BEGIN TASK INPUT
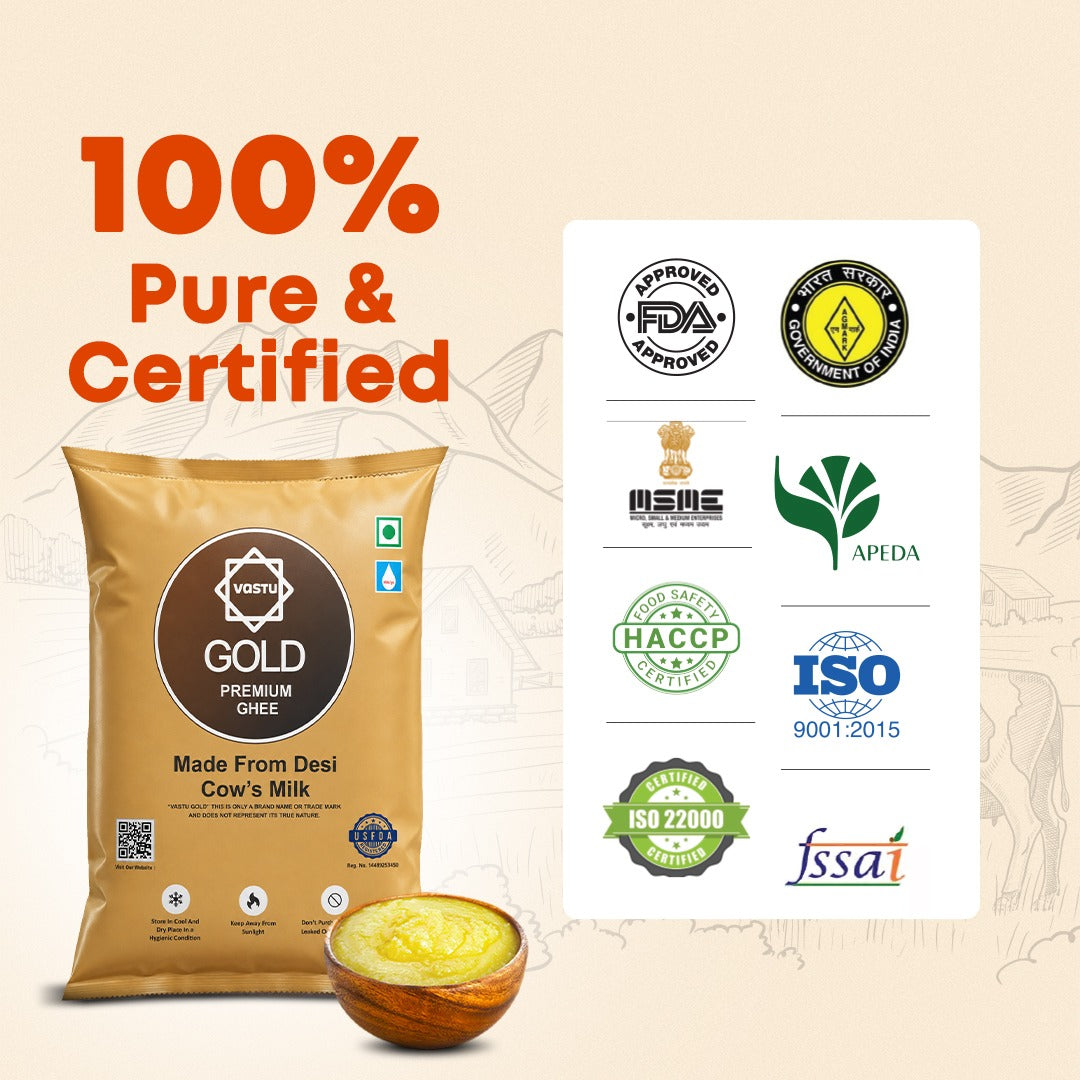 
                  
                    Vastu Cows Gold Ghee  POUCH Pack(Pack of 1)
                  
                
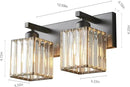 Modern Bathroom Vanity Light 2-Lights Black Crystal Bathroom Wall Light Vanity Light Fixtures，12.59-inch Modern Minimalist Design by CozyNest Decor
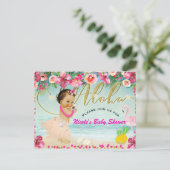 Aloha Baby shower Hawaiian Beach Party Retro Uitnodiging Briefkaart (Staand voorkant)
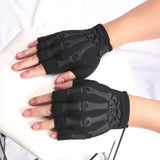 Sohiwoo 1pair Men Riding Fingerless Gloves Non-slip Half Finger Gloves for Motorcycle Cycling Climbing Hiking Outdoor Sports Accessories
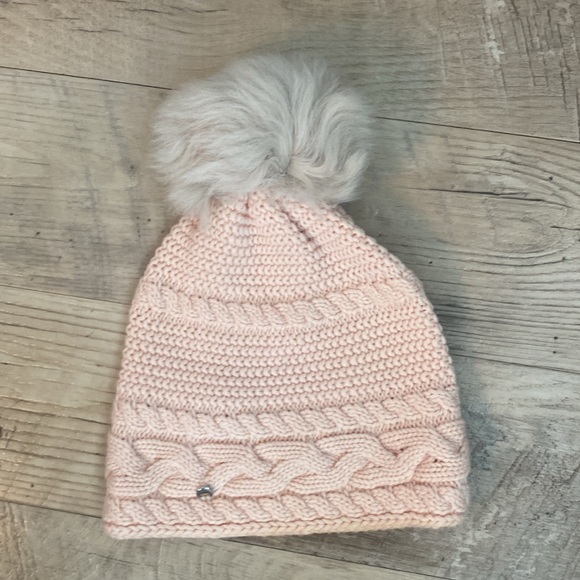 UGG Pom Slouchie Beanie “Pearl Cashmere” Light Pink Color - Picture 1 of 7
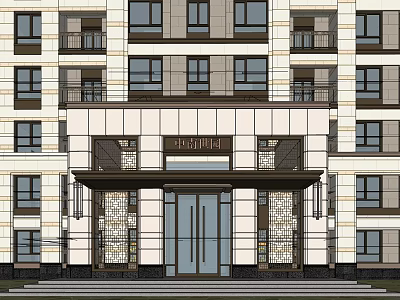 Modern Residential Building Exterior Design With Elegant Entrance And Stone Decorations 3d model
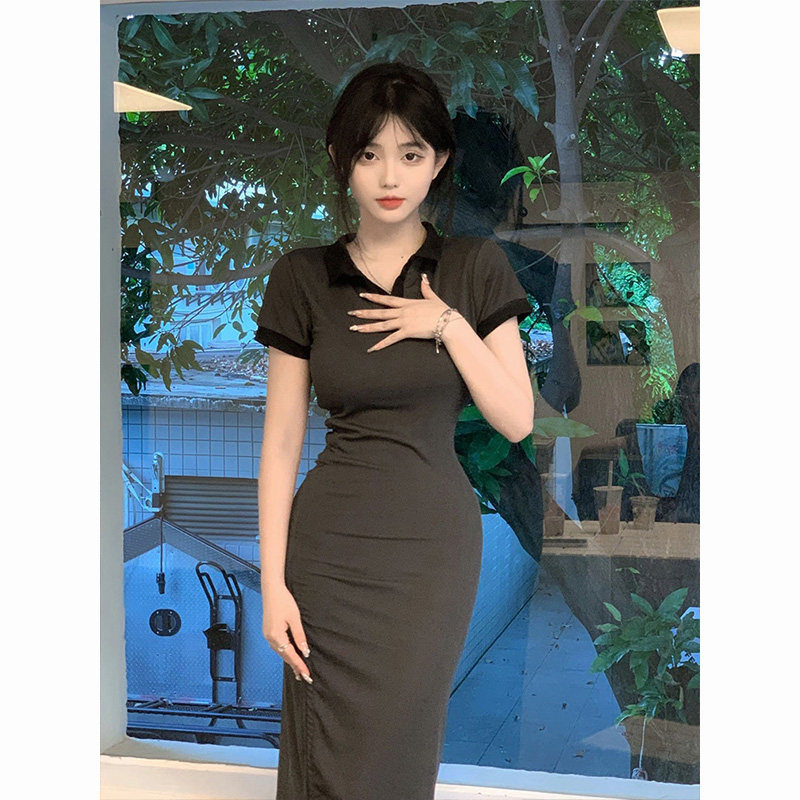 紧身显身材polo领连衣裙女夏季新款辣妹修身褶皱收腰显瘦包臀长裙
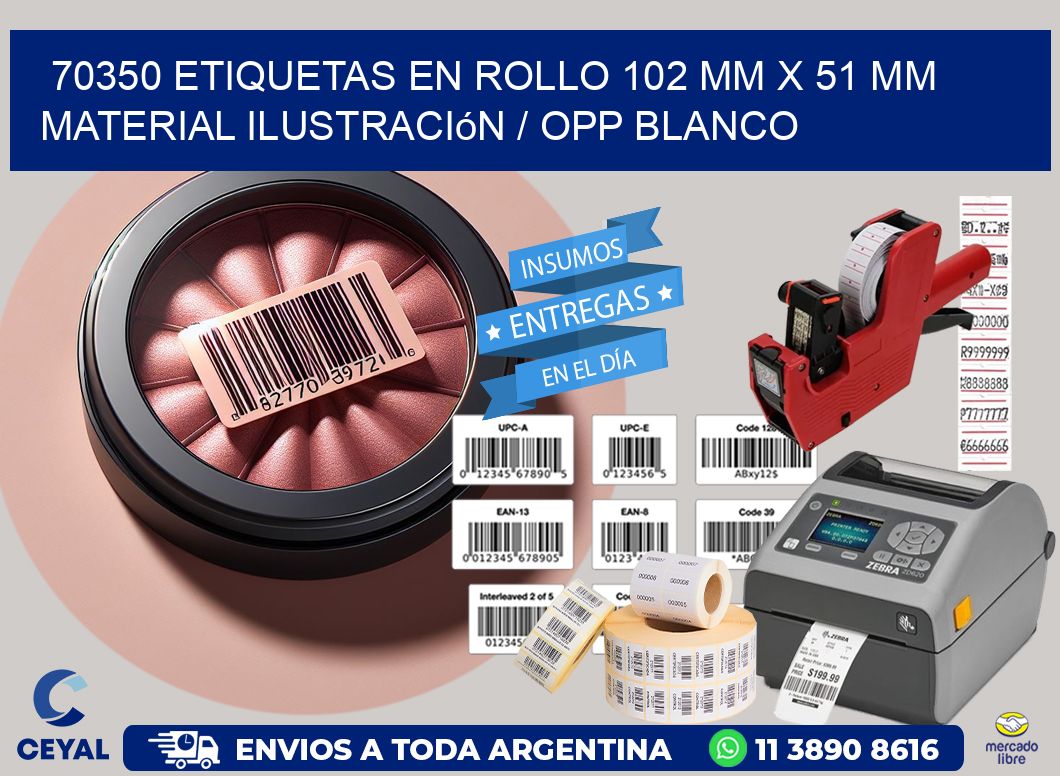 70350 Etiquetas en rollo 102 mm x 51 mm material Ilustración / OPP Blanco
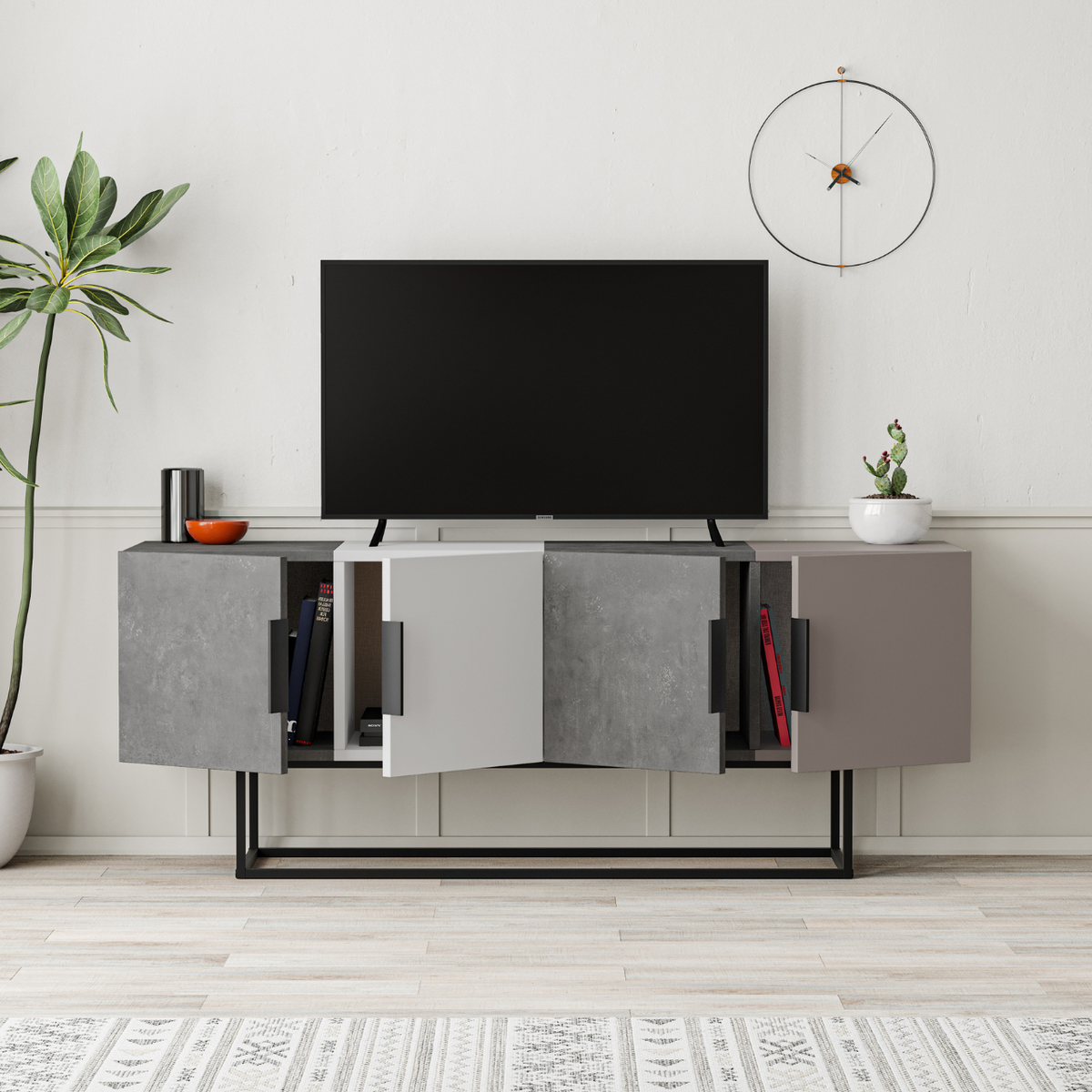 Tontini TV Stand - Retro Grey White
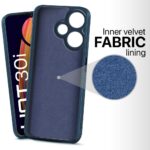 Slim Ultra Soft Rubberised Back Cover for Infinix Hot 30i 4G | Inner Velvet Fabric Lining | Matte Silicone Flexible Camera Protection Back Case - Blue - Image 2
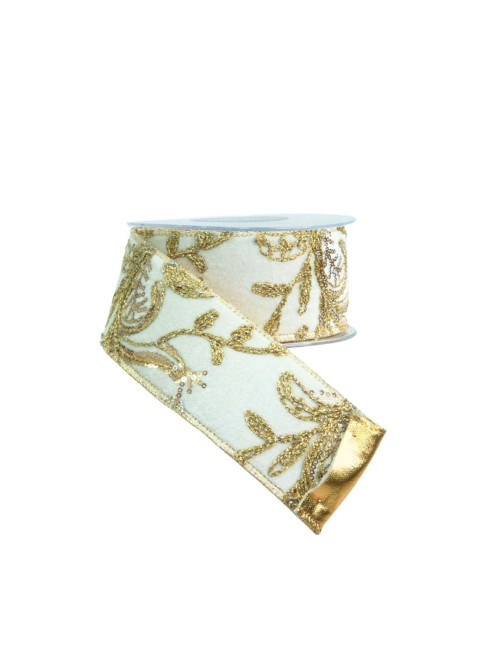 BEIGE RIBBON WITH GOLD FLOWER S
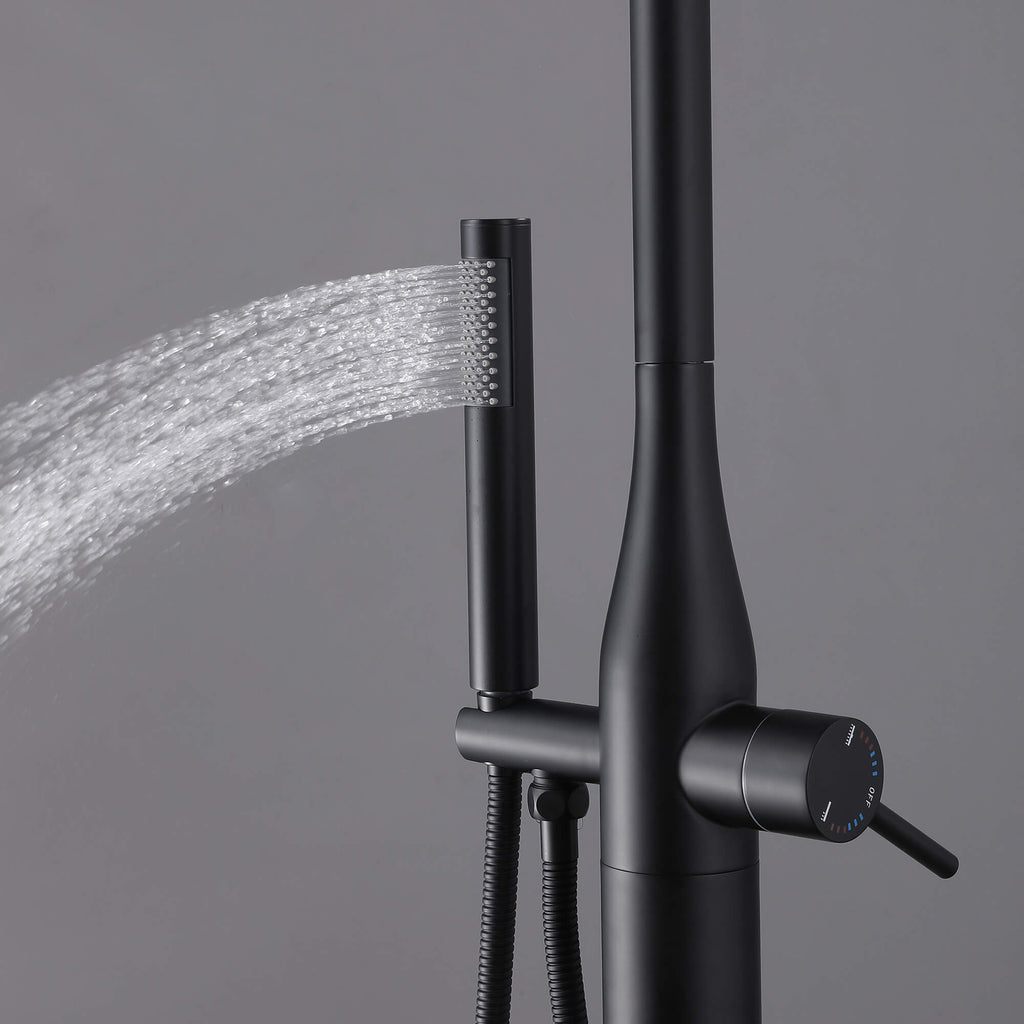 Herrselsam Solardusche 40L Solar Gartendusche Inkl. Schutzhaube | Warmes Wasser Max. 60°C Ohne Stromanschluss Pooldusche Camping Mit Handbrause Und Schwenkbarem Regenduschkopf, Schwarz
END TASK INPUT
EXERCISE DESCRIPTION> Would you transcribe the whole listing above exactly? The pictures should not be included.

RESPONSE TO THE TASK>
                    Vastu Cows Gold Ghee  POUCH Pack(Pack of 1)
                  
                
 Modern Bathroom Vanity Light 2-Lights Black Crystal Bathroom Wall Light Vanity Light Fixtures，12.59-inch Modern Minimalist Design by CozyNest Decor
 Aloha Baby shower Hawaiian Beach Party Retro Uitnodiging Briefkaart (Staand voorkant)
 Sohiwoo 1pair Men Riding Fingerless Gloves Non-slip Half Finger Gloves for Motorcycle Cycling Climbing Hiking Outdoor Sports Accessories
 UGG Pom Slouchie Beanie “Pearl Cashmere” Light Pink Color - Picture 1 of 7
 Modern Residential Building Exterior Design With Elegant Entrance And Stone Decorations 3d model
 紧身显身材polo领连衣裙女夏季新款辣妹修身褶皱收腰显瘦包臀长裙
 70350 Etiquetas en rollo 102 mm x 51 mm material Ilustración / OPP Blanco
 Tontini TV Stand - Retro Grey White
 Slim Ultra Soft Rubberised Back Cover for Infinix Hot 30i 4G | Inner Velvet Fabric Lining | Matte Silicone Flexible Camera Protection Back Case - Blue - Image 2
 BEIGE RIBBON WITH GOLD FLOWER S
 Herrselsam Solardusche 40L Solar Gartendusche Inkl. Schutzhaube | Warmes Wasser Max. 60°C Ohne Stromanschluss Pooldusche Camping Mit Handbrause Und Schwenkbarem Regenduschkopf, Schwarz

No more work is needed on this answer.